Validation failure on gp2 volume type for node pools

[shraykay]

it seems that AWS has changed the way their cloudformation validation occurs. when validate is ran, this error occurs during the dry-run if you're using disk type = gp2. after commenting this out in and compiling a binary myself I was able to pass validation: cluster.go line 203

$ kube-aws validate --s3-uri=s3://mybucket
Validating UserData and stack template...
Error: failed to validate node pool #0: create volume dry-run request failed: InvalidParameterCombination: The parameter iops is not supported for gp2 volumes.
    status code: 400, request id: 3fd939ea-f4aa-40a1-b26e-de9bc77e632b

[mumoshu]

@shraykay Thanks for the concise report!

Your fix does seem to meet the body!
If I couId ask for more, I appreciate it if you could submit a PR for that, with probably setting Iops before validation when and only when c.RootVolume.IOPS != 0.

[luck02]

We ran into the same issue ourselves.
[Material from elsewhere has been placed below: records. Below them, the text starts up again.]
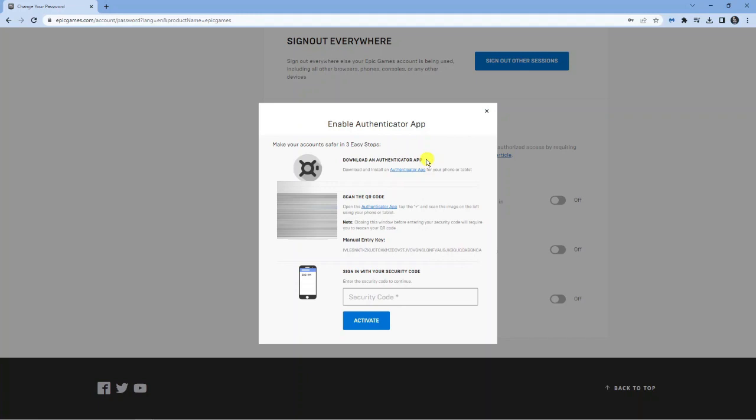So once you've actually downloaded the app, open it up on your phone and you're going to see a little plus button in the bottom of the screen. Go ahead and tap that plus button and then select to scan a QR code. Then you can just scan, of course I've blurred mine out, but you'll have a QR code so you just want to scan that from the authenticator app.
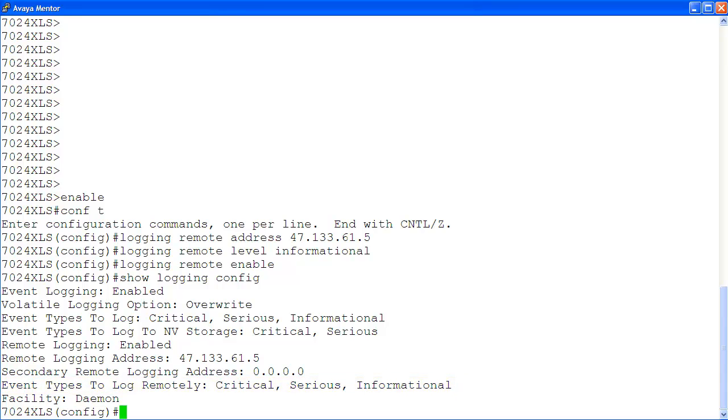As you can see, configuring remote system logging on the VSP7000 is quick and easy.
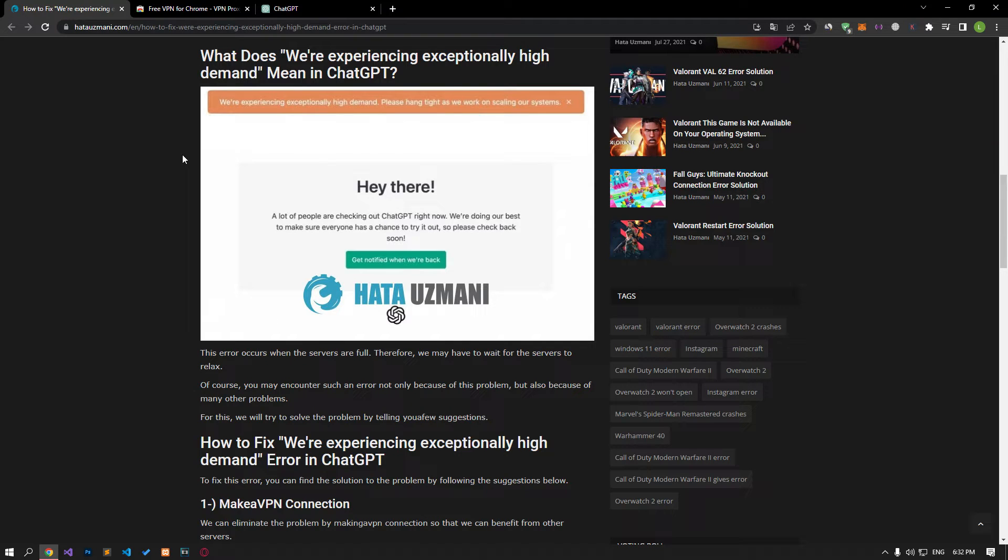Hello everyone, welcome to the Bug Expert channel. In this video, we will talk about solutions for the 'We're experiencing exceptionally high demand' error on ChatGPT.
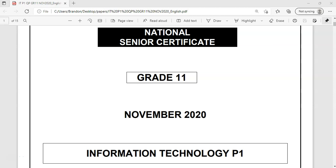This is the November 2020 exemplar for Grade 11 Information Technology, and it's the practical exam paper — an example of a paper that could be used for Grade 11 at the end of the year. Let's have a look at question 3 for this video, the database question.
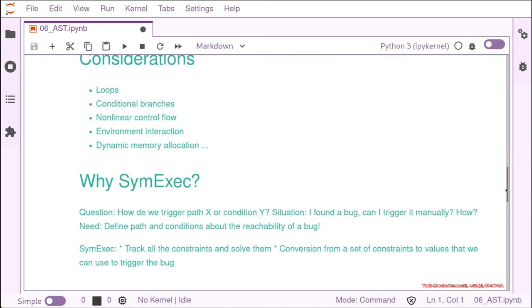So why do we use symbolic execution and why do we want to learn it? Basically in security, I would use symbolic execution most when I have a path that I want to trigger — normally it's a bug or a vulnerability — and I want to know which kind of input I need to trigger that specific bug that I found. The idea is always to define the conditions and the path for reaching that bug and turning a simple bug into maybe a security vulnerability.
I was about to reproduce independently.

[luck02]

@shraykay I was going to submit a PR, but if you're already a contributor you can probably get it done faster. Ping me if you plan on doing this in the near future, otherwise I'll give it a shot. Can @mumoshu or @shraykay point me where a test for this ought to go? (the code is simple but I'm out of practice with Go and don't know what the current testing layout best practices are)

[luck02]

package main

import (
	"github.com/aws/aws-sdk-go/aws"
	"github.com/aws/aws-sdk-go/service/ec2"
	"github.com/aws/aws-sdk-go/aws/awserr"
	"github.com/aws/aws-sdk-go/aws/session"
	"fmt"
)

func main() {
	awsConfig := aws.NewConfig().
		WithRegion("us-east-1").
		WithCredentialsChainVerboseErrors(true)

	awsConfig = awsConfig.WithLogLevel(aws.LogDebug)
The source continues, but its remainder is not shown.